# How to split data for pre-processing?

Assume that we have a time-series dataset for which we want to perform data pre-processing, which includes the extraction of window & lag features. Later are using previous time-series data points for the computation of features.

In [None]:
# Sklearn imports
from sklearn.preprocessing import StandardScaler
from sklearn.impute import SimpleImputer
from sklearn.pipeline import Pipeline
from sklearn.model_selection import TimeSeriesSplit

# Feature Engine imports 
from feature_engine.imputation import DropMissingData

# Sktime imports
from sktime.transformations.series.lag import Lag

# Time series data
y = ... 

# Set up the pipeline
feature_pipeline = Pipeline([
    # 1. Standard scaler learns parameters from the data
    ('scaler', StandardScaler()),
    # 2. Simpleme imputer (with constant value) does not learn parameters from the data
    ('imputer', SimpleImputer(strategy="constant", fill_value=666)),
    # 3. Lag feature generator looks at historical values to generate features 
    ('lagger', Lag())
    # 4. NaN-remover (could be also handled somewhere else)
    ("nan-remover", DropMissingData())
])

# Split the data into training and test
train, test = next(TimeSeriesSplit().split(y))

# -- Now it comes -- 
# Train the pipeline using the training data
feature_pipeline.fit(y[train])

# Apply the transformation to the training data to later train the machine learning model
fy_train = feature_pipeline.transform(y[train])

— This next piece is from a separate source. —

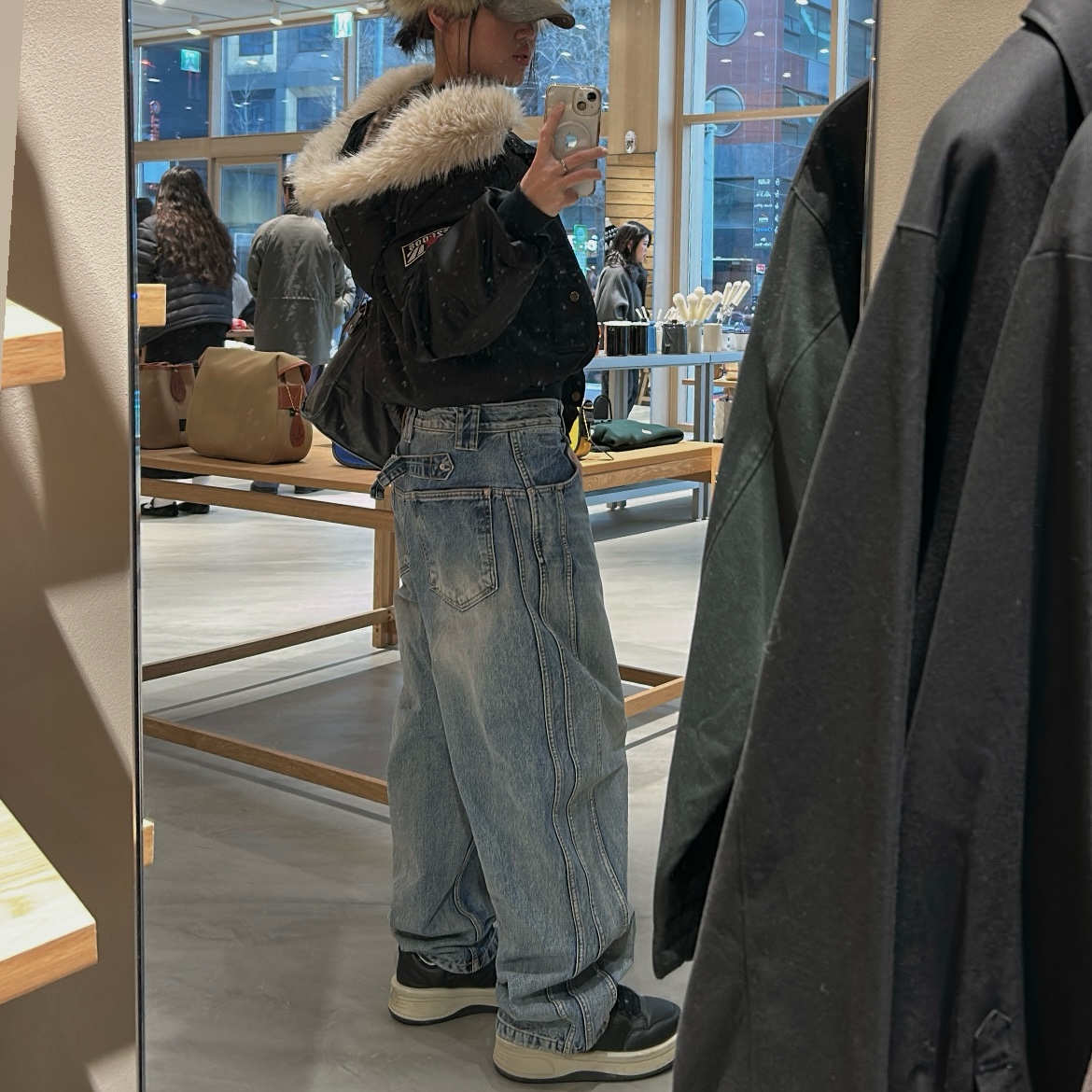 Converse x Drkshdw Turbowpn Ox Black, Open Yy Faux Fur Corduroy Earflap Cap Khaki 착용 스타일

# Apply the transformation to generate the test data
# - I apply the transformation to all data points (train + test).
# - That allows me to generate, e.g., lag-features (using historical values), for ALL test points.
# - There are no missing values in the test set features (most likely)
fy_test = feature_pipeline.transform(y)[test]  # <-- !!!

Outlined above, I eleborated on my idea of how we can use the transformer pipeline to generate the training and test features. 

#### Performance

We might want to somehow restrict the test set pipeline such, that only the needed part of the training set is processed. In this way we can reduce the computation time.

#### Data leakage

There is a potential data leak between training and test here. That comes in the overlap of between training and test set for the test set lag features. Some of the training data points will be transformed using models which have been used to train them. 

Whether that is a real problem, is probably depending on the actual feature extraction pipeline.

#### Alternative approach 

We can do a small modification to the code and make a clear separation between training and test. However, in this case (as we use lag-features) we will "loose" some data for training AND testing. 

In [None]:
# Apply the transformation to generate the test data
fy_test = feature_pipeline.transform(y[test])